Sun Dec 8th through Sat the 14th, 2019 at Vancouver Convention Center
The paper is clearly written, everything proposed in the paper makes sense and seems like a natural thing to do (I had been working on the same problem, so I am entirely in favor of the pursued direction). Still, the paper is missing comparisons and references to other works in the direction of representing image or video segmentation in terms of a continuous embedding, e.g.: Segmentation-aware convolutional networks using local attention masks, Adam W Harley, et al, ICCV 2017 Dense and low-rank gaussian crfs using deep embeddings, S Chandra, et al, ICCV 2017 S. Kong, et al, "Recurrent Pixel Embedding for Instance Grouping", CVPR 2018 Video object segmentation by learning location-sensitive embeddings, H Ci, et al, ECCV, 2018 X. Wang et al, Non-local Neural Networks, CVPR 2018 Y. Chen, J. Pont-Tuset, A. Montes, and L. Van Gool Blazingly Fast Video Object Segmentation with Pixel-Wise Metric Learning Computer Vision and Pattern Recognition (CVPR), 2018. This is not only important for giving credit to earlier works. A more crucial question in connection with these works, is whether the structured layer adds something on top of the ability of a cnn to compute embeddings for image segmentation. In experiments that I have been working on it has been really hard to beat a well-tuned, plain convnet trained with a siamese loss, and introducing a spectral normalization layer only added complications. It would be really useful if the authors could do this comparison on top of a strong baseline (e.g. the methods mentioned above) and indicate whether the resulting embeddings (=eigenvectors) are any better than those delivered from the original baselines. (the method of  is outdated by 4 years).
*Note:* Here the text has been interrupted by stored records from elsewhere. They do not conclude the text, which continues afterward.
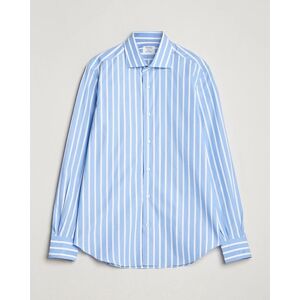 Mazzarelli Soft Cotton Cut Away Shirt Blue/White Stripe men M Hvid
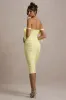 Citrus | Lemon Bardot Bodycon Midi Dress With Bow Sleeves sold by Club L London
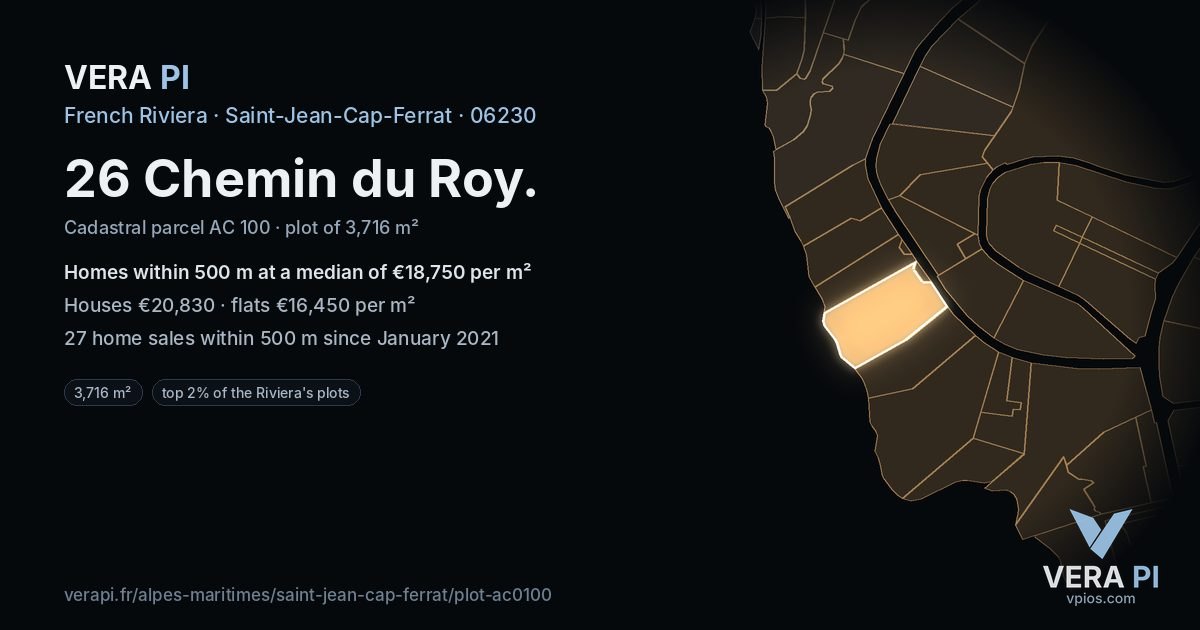 26 Chemin du Roy, Saint-Jean-Cap-Ferrat at night – the plot lit, the parcels around coloured by the prices near them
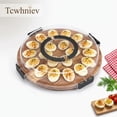 thumbnail image 1 of Deviled Egg Container with Lid Wooden Deviled Egg Platter Carrier Holder Trays with 24 Slots for Party and Home Kitchen Clear Lid, 1 of 10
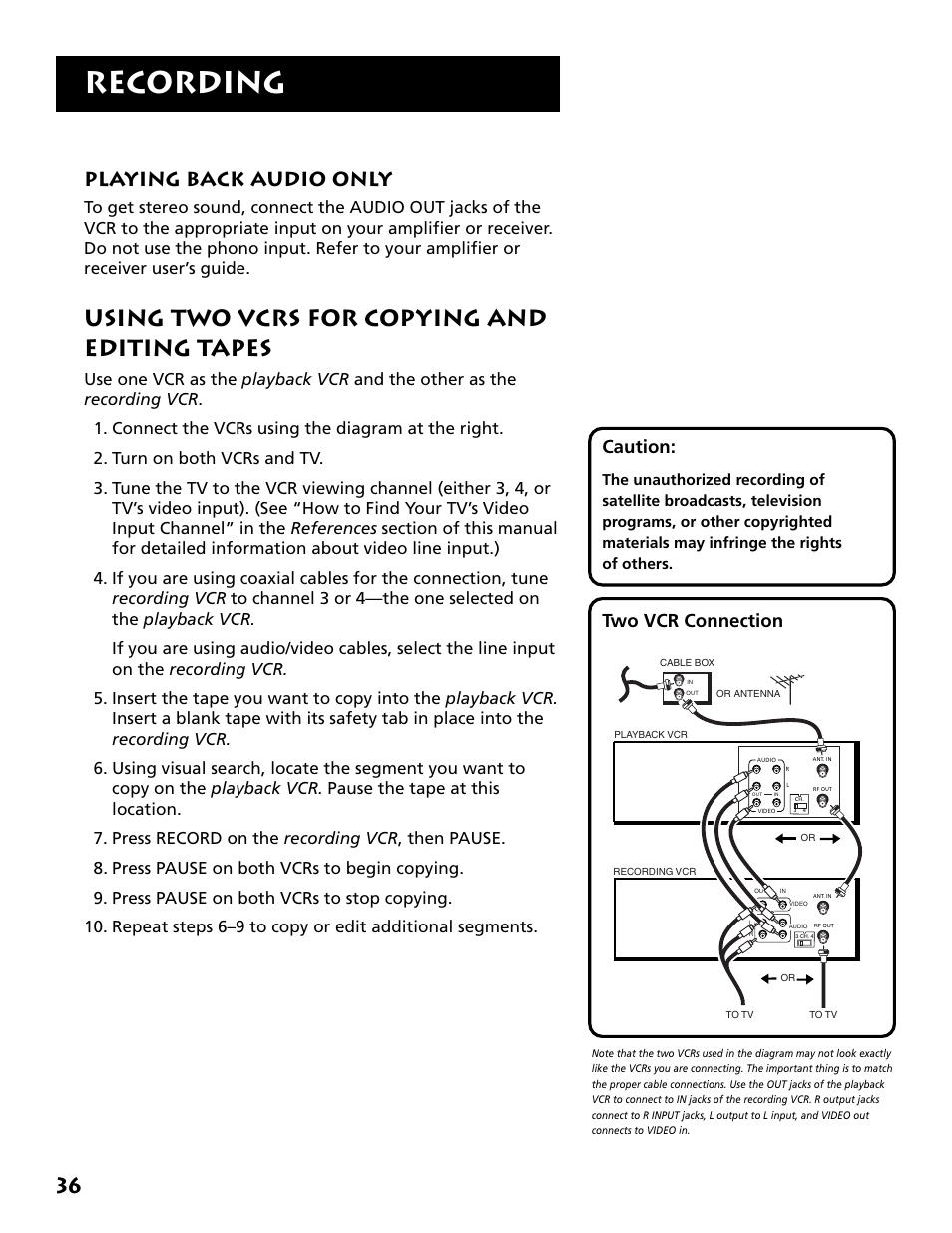 Playing back audio only, Copying and editing tapes, Recording | Using two vcrs for copying and editing tapes, Caution, Two vcr connection | RCA Plus+ VR702HF User Manual | Page 38 / 84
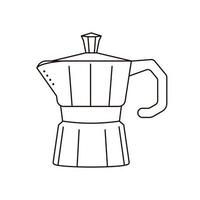 Geysir-Kaffeemaschine. Moka-Topf isoliert auf weiß. vektor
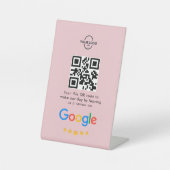 Googleレビュー |ビジネスレビューリンクQRコード 台座サイン (正面)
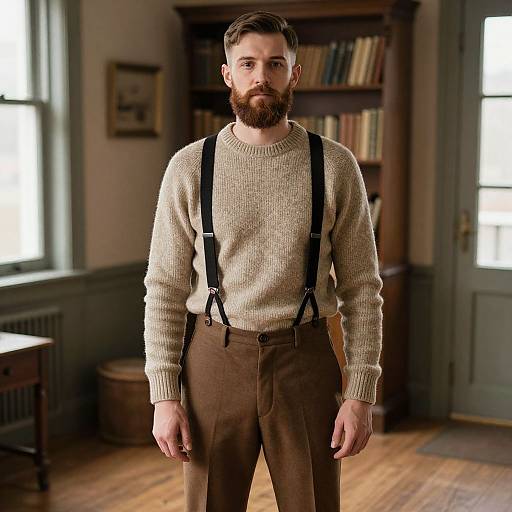 Cozy Rustic Man in Warm Interior
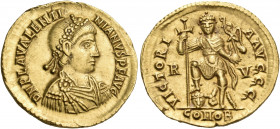 Valentinian III, 425-455. Solidus (Gold, 21 mm, 4.43 g, 6 h), Ravenna, 430-445. D N PLA VALENTI-NIANVS P F AVG Rosette-diademed, draped and cuirassed ...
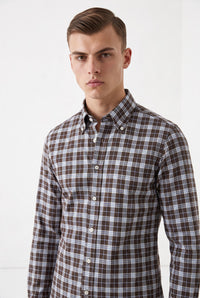 MAZZARELLI SPORT SHIRT - BROWN/BLUE CHECK PLAID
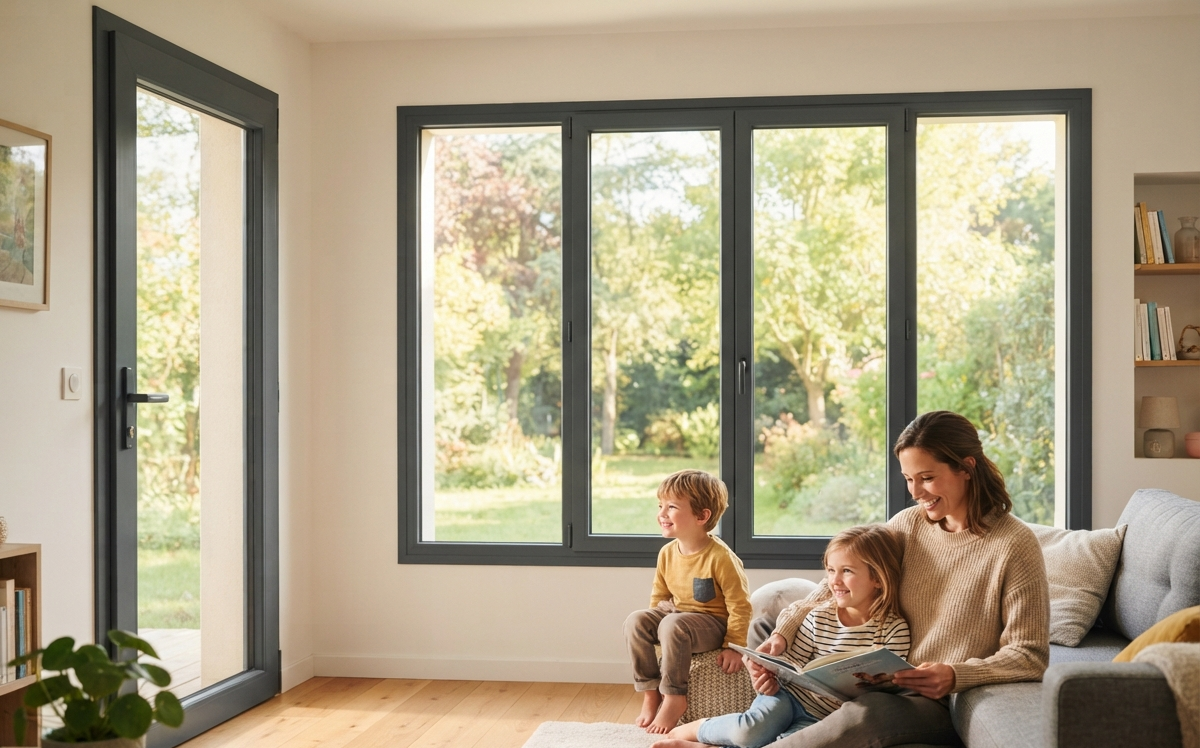Porte d’entrée extérieur en alu vue de l’intérieur - Tryba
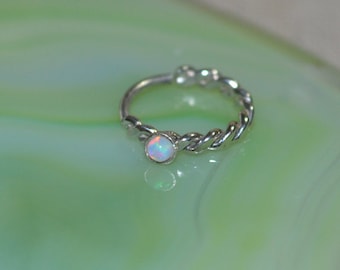 Silver Nose Ring - White 2mm Opal Nose Hoop - Rook Earring - Septum Piercing - Tragus Jewelry - Cartilage Earring Hoop - Daith Ring 18 gauge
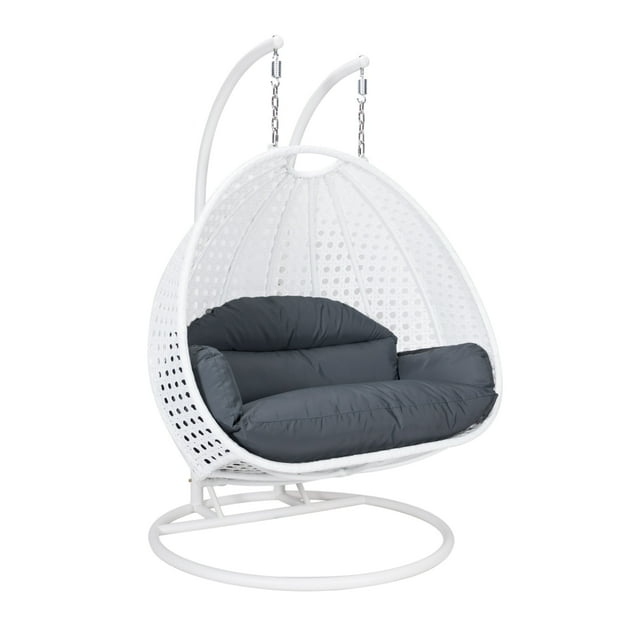 LeisureMod Modern Beige Wicker Hanging Double Seater Egg Swing Chair with Cushion, Dark Grey - Indoor/Outdoor Patio Swing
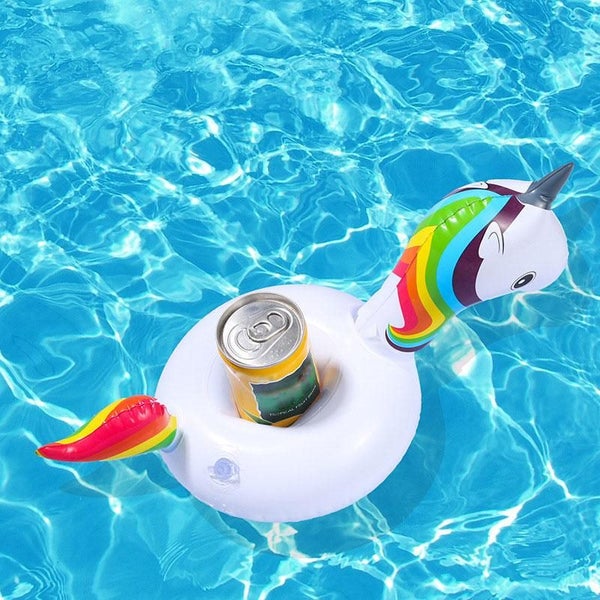 4PCS Swan Inflatable Swimming Ring For Drink Can Cup Holder Beach Poll Baby Kids Carousel 1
- The paper is well written and easy to follow. - The proposed idea (combining deep learning and diffusion distance) is clean and well motivated. - The proposed approach can (potentially, though no evidence about it) be applied in other graph applications beyond images. - My big concern is with respect to the evaluation the experimental results. From my understanding (L172), the features are initialized with a network pre-trained on MS-COCO. This means that the ResNet-101 features already embeds strong pixelwise semantic information (acquired with fully supervised training). Therefore it seems not a fair comparison with other method. - I also believe that much of implementation/training details are missing. Eg, what is the optimization algorithm used? What hyper-parameters?
I am not expert to evalute its originality and novelty to semantic segmentation as I am familiar with spectural analysis and diffusion. But my main concerns lie in the experiments. From the method part, I expect it is a general segmentation approach which should be evaluated on standard semantic segmentation dataset. But the experiments lack of such analysis severely. Even on weakly supervised segmentation dataset, it only compared with one baseline.